Use normal binary wrapping `_mm256_add_epi16` instead of saturating `adds`.

Two’s complement and unsigned addition/subtraction are the same binary operation, that’s one of the reasons modern computers use two’s complement. As the asm manual entry for `vpaddw` mentions, the instructions can be used on signed or unsigned integers. (The intrinsics guide entry doesn’t mention signedness at all, so is less helpful at clearing up this confusion.)

Compares like `_mm_cmpgt_epi32` are sensitive to signedness, but math operations (and `cmpeq`) aren’t.

The intrinsics names Intel chose might look like they’re for signed integers specifically, but they always use `epi` or `si` for things that work equally on signed and unsigned elements. But no, `epu` implies a specifically unsigned thing, while `epi` can be specifically signed operations or can be things that work equally on signed or unsigned. Or things where signedness is irrelevant.

For example, `_mm_and_si128` is pure bitwise. `_mm_srli_epi32` is a logical right shift, shifting in zeros, like an unsigned C shift. Not copies of the sign bit, that’s `_mm_srai_epi32` (shift right arithmetic by immediate). Shuffles like `_mm_shuffle_epi32` just move data around in chunks.

Non-widening multiplication like `_mm_mullo_epi16` and `_mm_mullo_epi32` are also the same for signed or unsigned.
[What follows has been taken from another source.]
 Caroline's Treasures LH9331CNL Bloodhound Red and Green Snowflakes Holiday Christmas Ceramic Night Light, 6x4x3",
Only the high-half `_mm_mulhi_epu16` or widening multiplies `_mm_mul_epu32` have unsigned forms as counterparts to their specifically signed `epi16`/`32` forms.
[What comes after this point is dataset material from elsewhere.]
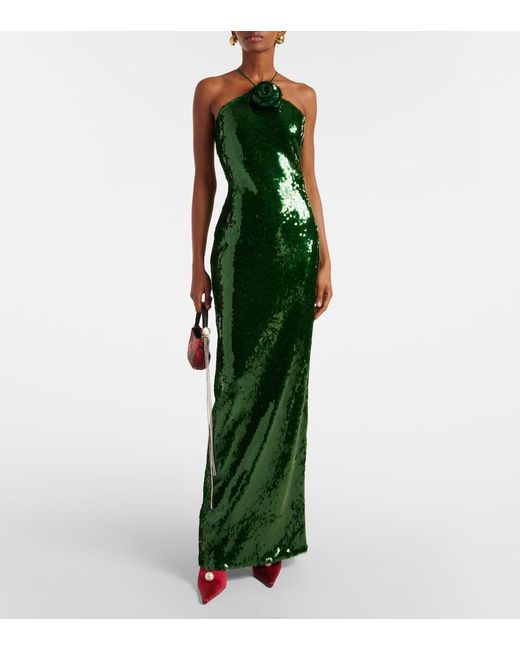 Magda Butrym Green Floral-Applique Sequined Halterneck Gown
That’s also why 386 only added a scalar integer `imul ecx, esi` form, not also a `mul ecx, esi`, because only the FLAGS setting would differ, not the integer result. And SIMD operations don’t even have FLAGS outputs.
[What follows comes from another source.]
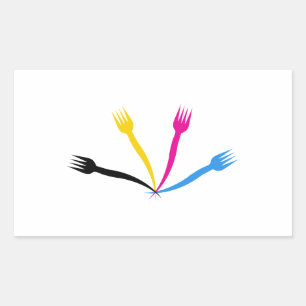Logo for a restaurant or cafe rectangular sticker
The intrinsics guide unhelpfully describes `_mm_mullo_epi16` as sign-extending and producing a 32-bit product, then truncating to the low 32-bit. The asm manual for `pmullw` also describes it as signed that way, it seems talking about it as the companion to signed `pmulhw`. (And has some bugs, like describing the AVX1 `VPMULLW xmm1, xmm2, xmm3/m128` form as multiplying 32-bit dword elements, probably a copy/paste error from `pmulld`)

And sometimes Intel’s naming scheme is limited, like `_mm_maddubs_epi16` is a u8 x i8 => 16-bit widening multiply, adding pairs horizontally (with signed saturation). I usually have to look up the intrinsic for `pmaddubsw` to remind myself that they named it after the output element width, not the inputs. The inputs have different signedness so if they have to pick one, side, I guess it makes sense to name it for the output, with the signed saturation that can happen with some inputs, like for `pmaddwd`.